> _Exercise requirements_: What follows is a listing to transcribe exactly, leaving the pictures out.

*** Available data

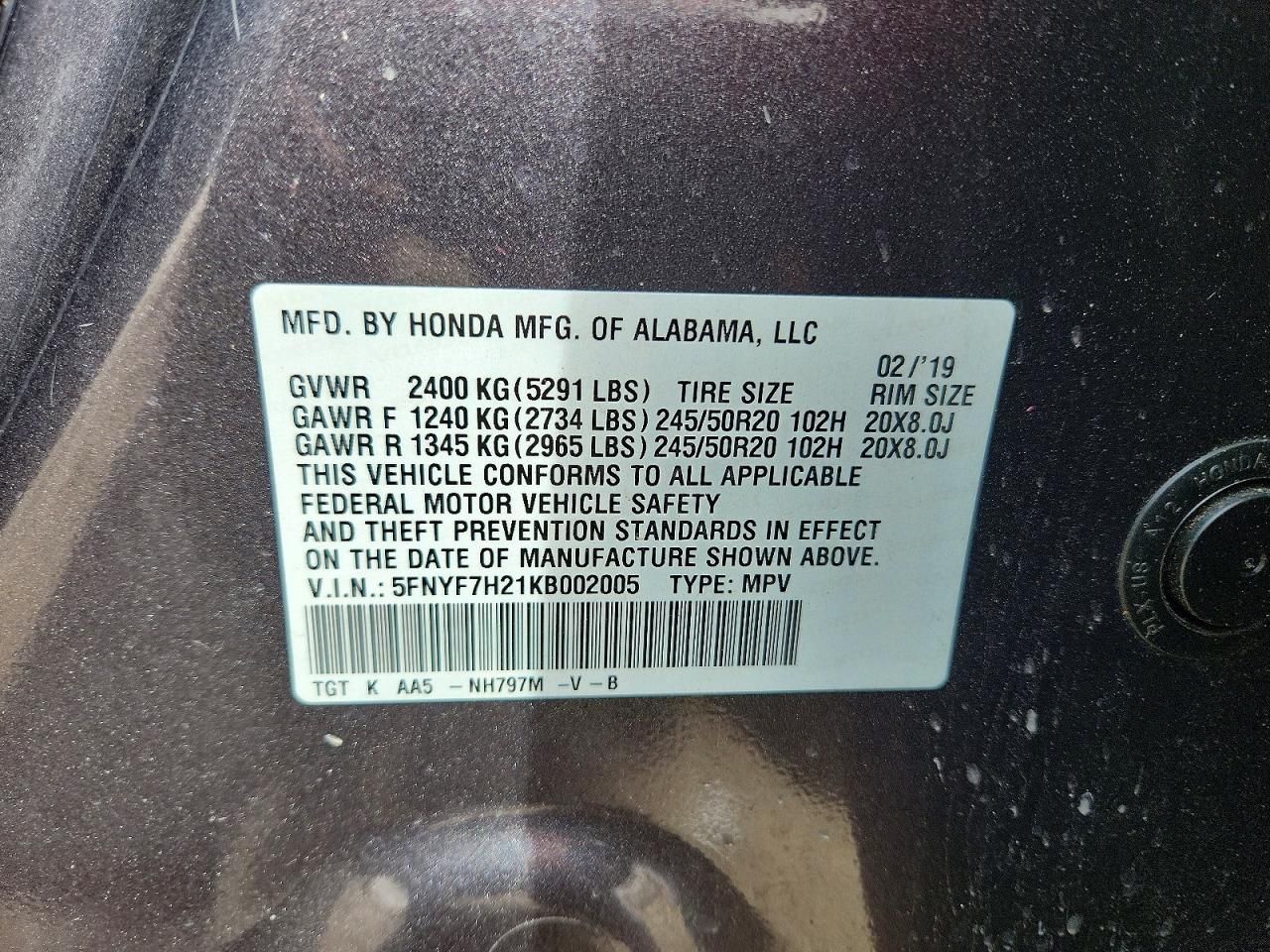 2019 Honda Passport Sport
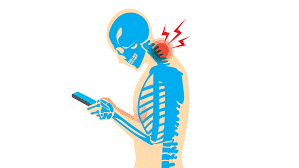 cell phone for prolonged time with your neck bent forward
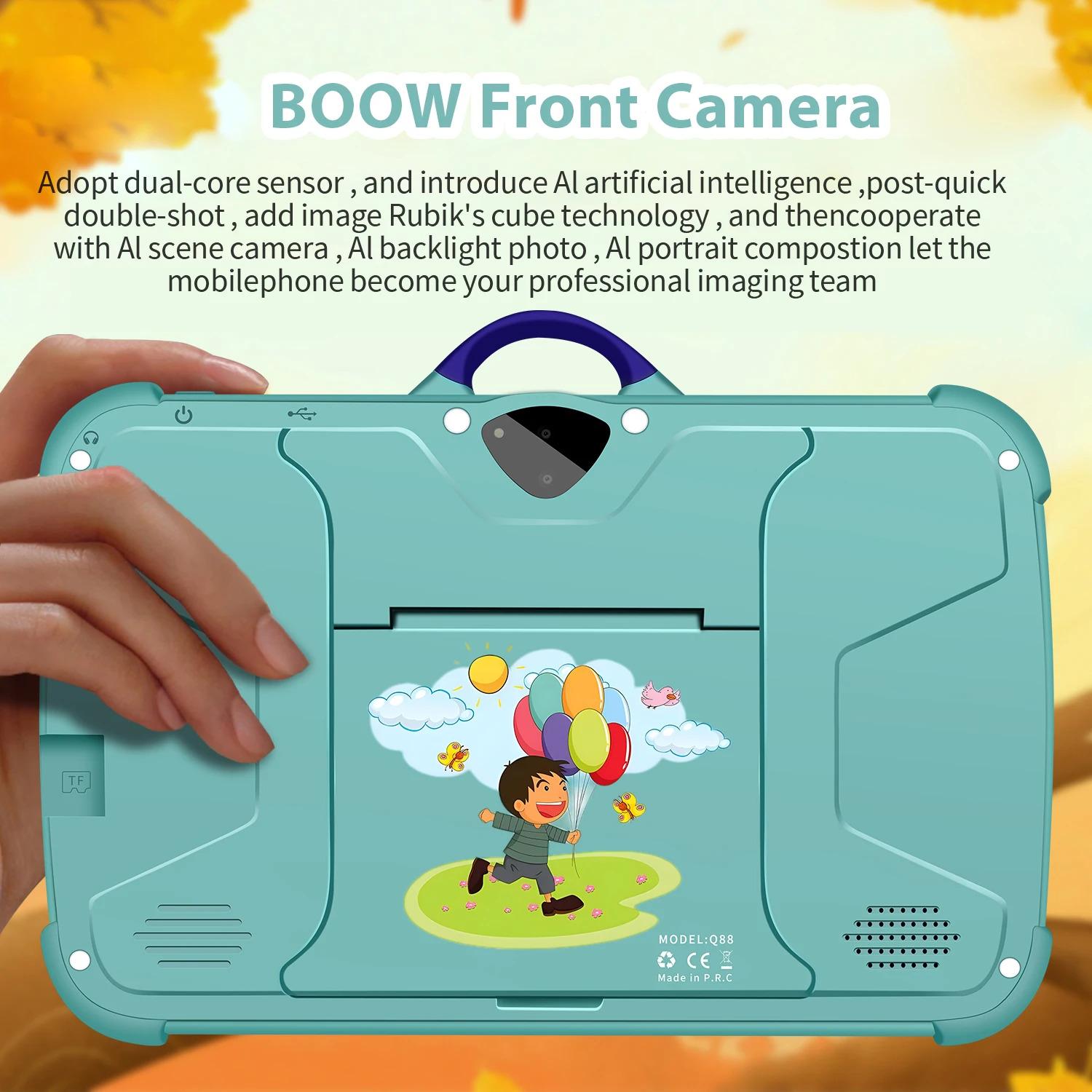 7-Inch Kids Tablet with Android 13 - Quad Core 4GB RAM 64GB Storage, Educational Learning Device with Parental Control & Child-Friendly Design tablet educativa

******

> _Output of the task_:
 2019 Honda Passport Sport
 cell phone for prolonged time with your neck bent forward
 7-Inch Kids Tablet with Android 13 - Quad Core 4GB RAM 64GB Storage, Educational Learning Device with Parental Control & Child-Friendly Design tablet educativa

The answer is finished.